Why boards of directors lack courage

Last night on the national news, embattled imaging-seller Kodak was compared to Research in Motion by a commentator comparing both companies’ inability to exploit advantages that they originally created. Regarding Kodak, one younger woman who was interviewed remarked, “What is film?”

A few weeks ago, I took a friend into a Black’s Photography store to have a digital picture taken for a LinkedIn profile picture. I asked the employee if he could take several digital pictures and email them to us so we could select one. The person had not even heard of social media, let alone LinkedIn, and said that the store could only take passport photos in hard copy form. Then we drove up the street to another picture store. This time we were told that there is a $300 “sitting fee” to have a picture taken. I took my friend’s picture myself with my digital camera and we downloaded the picture into LinkedIn in less than 15 minutes. I replaced my blackberry phone with an iPhone about three years ago. I doubt these photography stores – and maybe even RIM – will exist in their present form in the next few years.

Kodak is on the brink of bankruptcy. Three of its directors resigned this week. In a Harvard Business Review blog, an adjunct professor Simon Wong wrote a post questioning whether independent directors should flee their companies in times of trouble. Wong argued that it’s problematic for such directors to leave when they are “most needed.” Professor Michael Useem from Wharton maintained that leadership means you “stay the course.”

I would argue the opposite. The very people who caused the problem are unlikely the ones to solve it. These directors are probably “least needed.”

The question is not whether failed directors should stay on boards, but why they were not replaced sooner. Directors should be much easier to hire and fire by shareholders. Today, it’s virtually impossible to do either easily. These two things need to change for corporate governance to improve.

Kodak’s business model should have changed two years ago and maybe if shareholders could replace the directors more easily who were incapable of changing the management and business model, this actually would have been better.

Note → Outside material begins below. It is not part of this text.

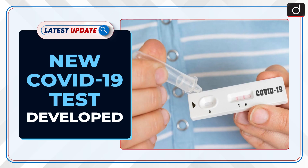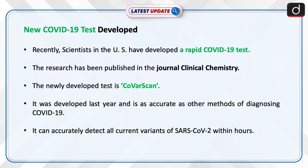Welcome to the latest update program. The news of this hour: New COVID-19 Test Developed. Recently, scientists in the US have developed a rapid COVID-19 test. The research has been published in the journal Clinical Chemistry.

Shareholders should not have to fight long, expensive public relations or proxy battles or arm-twist behind closed doors to effect change because they have no legal channel to do otherwise. Right now in Canada, shareholders cannot even vote “against” a director (they must either vote “for” or “withhold”), and a director can be elected to a board with a single vote “for” under existing legislation. This also needs to change to give power to shareholders to nominate and replace board members of the companies they own.

Currently, troubled boards drag their feet, are silent, write letters, conduct studies, avoid meetings, and refrain from making the tough changes necessary. They do so simply because they can. We see examples of this almost on a weekly basis. Why is this so? Self-interest and lack of courage.

The self-interest is obvious. Directors are conflicted as they are assessing their own performance and would rather not advocate their own replacement. Change will unlikely come from within.

Regarding lack of courage, experienced non-executive chair and activist investor, Henry D. Wolfe, a member of the LinkedIn Group, Boards and Advisors, when speaking of directorial courage from an investor’s perspective, wrote yesterday:

“From an investor’s perspective, if I am aware that directors in a company in which I have a position are acting cowardly because they fear the ramifications, then I would be inclined to take action to replace those directors with individuals who will not shirk from taking the action necessary, including speaking their mind, to aggressively pursue the maximization of the funds that I have invested.”

Why do boards lack courage, or the willingness to act during non-performance and significant declines in shareholder value? Three reasons: they are not truly independent (I have written about director independence earlier); they lack the recent and relevant industry experience to know what to do; and they lack leadership. They therefore become captured by management, defaulting to process and denial rather than making tough choices in the interests of shareholders.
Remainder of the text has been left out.